The station itself has been restored to the British Railways style circa 1952. It has full facilities including a shop, café serving cooked meals, toilets including disabled, a ticket office and a waiting room. The shed area has facilities to provide water and coal for the engines, as well as stabling. The 'running shed' is usually open to public access at one end, where stationary engines can be viewed. These are usually either operational but not in service that day, or undergoing light repair work. Also open to the public is the 'deviation shed' which houses locomotives and stock owned by NELPG as well as a small display about the history of the organisation. A number of other sheds not available for public access are used for the maintenance and overhaul of the engines. At Grosmont, the line connects with the Network Rail operated Esk Valley Line, where passengers may change trains to travel to the coast at Whitby, or inland to Middlesbrough and the rest of the national network. Thus, platform one of the station is served by Northern Rail services, whilst platforms two, three and four are used by the North Yorkshire Moors Railway.
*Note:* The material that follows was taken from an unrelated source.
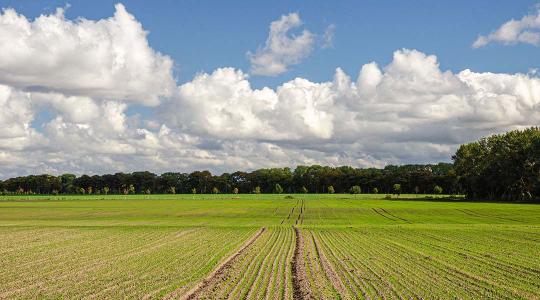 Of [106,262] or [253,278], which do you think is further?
[106,262]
  • Whitby station is, on many operating days, the railway's northern terminus. All but two of the various timetables see steam trains operating through from Pickering, including daily throughout July and August except on Sundays. When North Yorkshire Moors Railway trains terminate at Grosmont rather than Whitby at off-peak times, connecting trains with Northern Rail are usually available at Grosmont, allowing passengers to begin their journey at Whitby and board a steam engine at Grosmont through to Goathland or Pickering. Limited facilities are available at Whitby station itself, and to run around its train all passengers must be detrained and the locomotive must propel (push) the coaching stock out of the station into a siding with a run round loop by the old engine shed, then run round before propelling the stock back into the station with the locomotive at the Grosmont end of the train, ready to depart.

Future and possibility of expansion

The possibility of reopening the 'missing 8-mile section' between Malton via Rillington Junction (on the York – Malton – Scarborough line) and Pickering has often been discussed.
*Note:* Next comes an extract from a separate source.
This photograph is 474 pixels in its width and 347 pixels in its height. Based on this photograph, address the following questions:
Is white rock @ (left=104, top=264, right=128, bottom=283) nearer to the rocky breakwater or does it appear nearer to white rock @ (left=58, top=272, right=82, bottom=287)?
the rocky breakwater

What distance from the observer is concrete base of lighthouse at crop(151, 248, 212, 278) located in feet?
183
This might allow the running of steam services from York to Whitby again (or even Scarborough to Whitby, if the short lived curve towards Scarborough were reinstated too). To achieve this would require considerable engineering work, not least in getting out of Pickering where a new road and several houses have been built on the track bed, just north of Kirby.

Reinstating this missing rail link was adopted as a policy objective by the council some years ago and with reservations supported by the North Yorkshire Moors Railway board.

Bridge & Wheels Appeal

In March 2009, the railway announced that one of its bridges near Goathland needed to be repaired/replaced over the winter of late-2009/early-2010, otherwise the railway would be forced to close. The railway therefore launched an appeal to raise £1 million to cover the costs of the bridge work with any excess raised going towards the restoration of locomotive 80135. The money was raised in time, and the bridge was replaced over the winter-Christmas/new year period of late-2009/early-2010, with the first trains crossing over the new bridge in late March 2010.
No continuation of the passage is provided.